HAVING grown up on a farm, I am acutely aware of how time poor (and cash poor) our families are who earn their living on the land.
Various feral animals have a significant impact upon the annual earnings of our inland primary producers through direct predation on stock, consumption of crops and competition for grazing (and water). This is why recent years have seen me spending more of my spare time on farms controlling those pest animals.
We’ve already looked at rabbits and foxes in the pages of Bush ‘n Beach, so this month I’ll share some random yarns about a larger pest, the feral pig, or razorback as it is sometimes known. Pigs are incredibly destructive both on farms and in the bush, causing damage that needs to be witnessed for full comprehension. They’ll punch holes through sheep mesh fences, destroy hectares of crops, damage stock feeders and water points and also plough bore drains and dam banks.
Being omnivores, pigs also kill lambs and even ewes during lambing season, along with preying upon drought-weakened stock (too common at the moment). In the bush they destroy substantial swathes of wetlands, uprooting vegetation to eat roots and tubers. Their habit of wallowing and defecating in waterholes fouls this valuable resource and can spread disease. When foot and mouth arrives in northern Australia (an inevitability as it is present in the islands to our north), feral pigs will spread it through the landscape like wildfire.
One of my recent hunts was to a 15,000-acre cattle grazing and broadacre cropping property in central NSW. Like much of inland NSW, this property sits in an area in the grip of drought, meaning grain crops had failed and dams were drying – times were tough. Chatting to the farmer revealed feral pigs were coming out of patches of native bushland to eat the meagre heads of wheat that had managed to form in spite of the dry. Though the crops were far too patchy to consider harvesting, they were being used as forage for the beef cattle that would bring an income.
That income, in the absence of a grain harvest, is absolutely essential to pay the costs incurred in just keeping a farm running and putting groceries into the pantry. Every pig sneaking in at night was therefore taking food from the table of the family. I was carrying my dedicated pig rifle, an Australian-made Lithgow LA102 chambered for the time-proven and popular .308 Winchester cartridge.

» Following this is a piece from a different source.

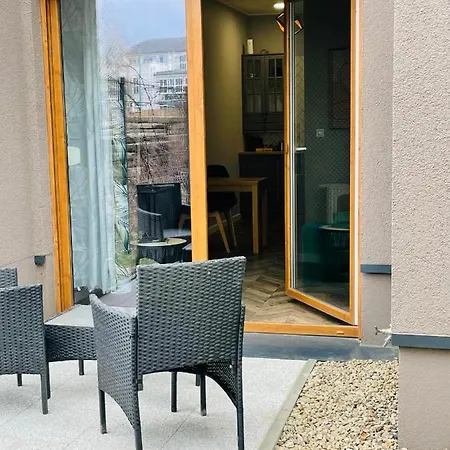 شقة Z Ogrodkiem I Garazem بوزنان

Due to the daytime heat, pigs were laying up in the scrub during the day, coming out to raid the cultivated paddocks at dusk. This meant spotlighting was the obvious method to get rid of some of the marauding porkers. Pigs are allegedly as intelligent as dogs, and those that have had exposure to hunters certainly become very cunning and hard to shoot. It became obvious we were dealing with educated pigs because the only sights we were getting were of retreating black rumps half a kilometre away.
Persistence eventually produced results, with close shots coming when a mob of small pigs were flushed from a hay shed where the cheeky buggers were eating sorghum. Hand-loaded ammunition turned out of my extremely diverse workshop, using 130gn hollow-point projectiles pushed along by Aussie-made AR2208 powder proved to be spot-on for mid-sized pigs. During our few days on the property we watched the last of the dams in the back country dry completely, forcing the remaining pigs to move on in search of waterholes.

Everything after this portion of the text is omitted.